Comparing Continuations in C# and F# Part 2


In my last post I went over the differences between using a continuation in F# and C#.  As it turns out I was right about the limits and symptoms but wrong about the reason. 


The F# code does indeed generate tail calls for part of the continuation.  However this is only a very small portion of the actual code and is in fact only generated for the call in the empty case.  I misread this function to be the call for the overall continuation.  Instead it is the function for the entire “inner” lambda.


So why does F# perform differently than C# in this scenario?


Andrew Kennedy pointed out that F# will actually transform the “inner” function into a loop.  In affect the code generated looks like the following.

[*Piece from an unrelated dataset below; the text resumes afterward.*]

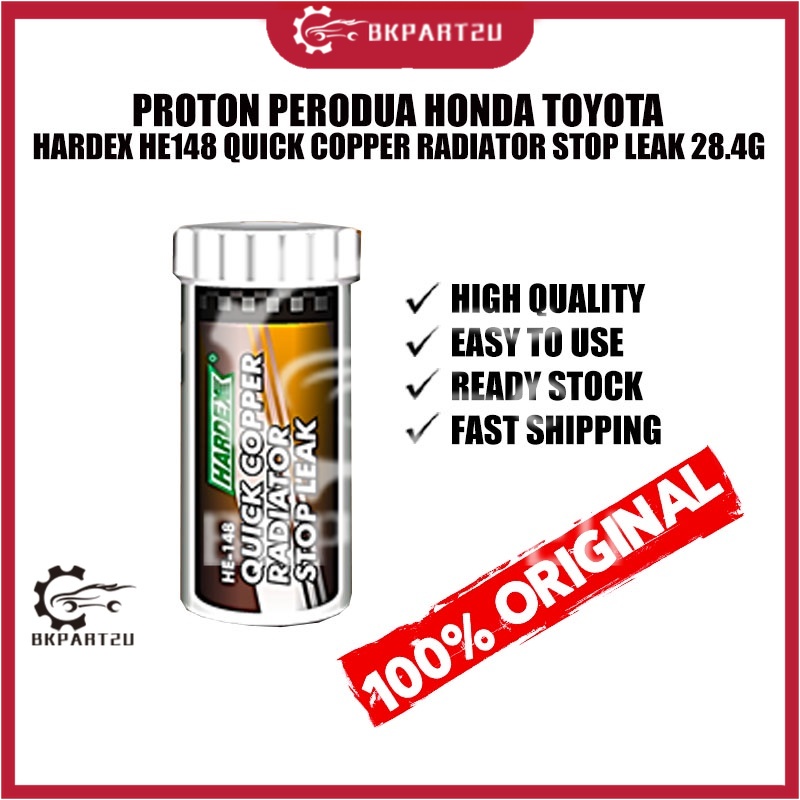 PROTON PERODUA HONDA TOYOTA HARDEX HE148 QUICK COPPER RADIATOR STOP ...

    TypeFunc func = this._self3;
while (true)
{
if (!this.e.MoveNext())
{
break;
}
A cur = this.e.Current;
cont = new Program.clo@9<U V, A ,>(this.combine, cont, cur);
}
return cont.Invoke(this.acc);

The actual transformation into a loop is what is preventing F# from overflowing the stack here.  Iteration incurs no stack overhead in this case. 


Even more interesting is that the tail opcode is quite simply ignored when dealing with un-trusted code.  It therefore cannot be relied on to generate performant code in all scenarios. 

Comments (3)

  1. brilsmurf says:

    The stack is fine, but I pondered a bit about what the consequences are for the heap. The conclusion is that all values from the sequence are placed onto the heap and not in the most economic way. So I rewrote the FoldRight function as:

    open System.Collections.Generic

    let FoldRight combine (sequence:seq<‘a>) acc =

     let list = new List<_>(sequence)

     let rec reduce i a =

       if i=0 then a else

       combine list.[i-1] a

       |> reduce (i-1)

     reduce list.Count acc

    Tests confirm that this is not only more memory-efficient but also faster.

  2. jaredpar says:

    @brilsmurf

    Would you mind posting your tests?  The speed of your test can alter drastically based on the type of the sequence and hence the argument you passed into List<T>.

    There are really two main scenarios for List<T>.ctor().  In the case the parameter implements ICollection<T> the code is fairly efficeient. It will pre-allocated an array of the appropriate size and then do a quick ICollection<T>.CopyTo method.

    In the case the parameter does not implement ICollection<T>, the code is a lot less efficient.  It will simply call List<T>.Add() in a loop and resize the array dynamically.  This will start with a length of 4 and double every time there is not enough memory.  It will also have to copy the contents of the old array at every allocation. In the case of a 1,000,000 element array this results in roughly 18 allocations and copies (each one twice as big as the last).  I don’t think this will be more memory efficient for large sequence based collections.

    Especially in languages like F# where enumerable based sequences are common, it would be a mistake to assume they are backed by an actual ICollection<T>.  

    Another general issue is the List<T> solution requires contiguous memory because the underlying backing is an array.  The contituation sample does not because it essentially building up a linked list which can be represented in discrete elements.The total amount of contigous memory is count*size of type.  In a production app you are much less likely to have huge chunks of contiguous memory than non-contiguous memory.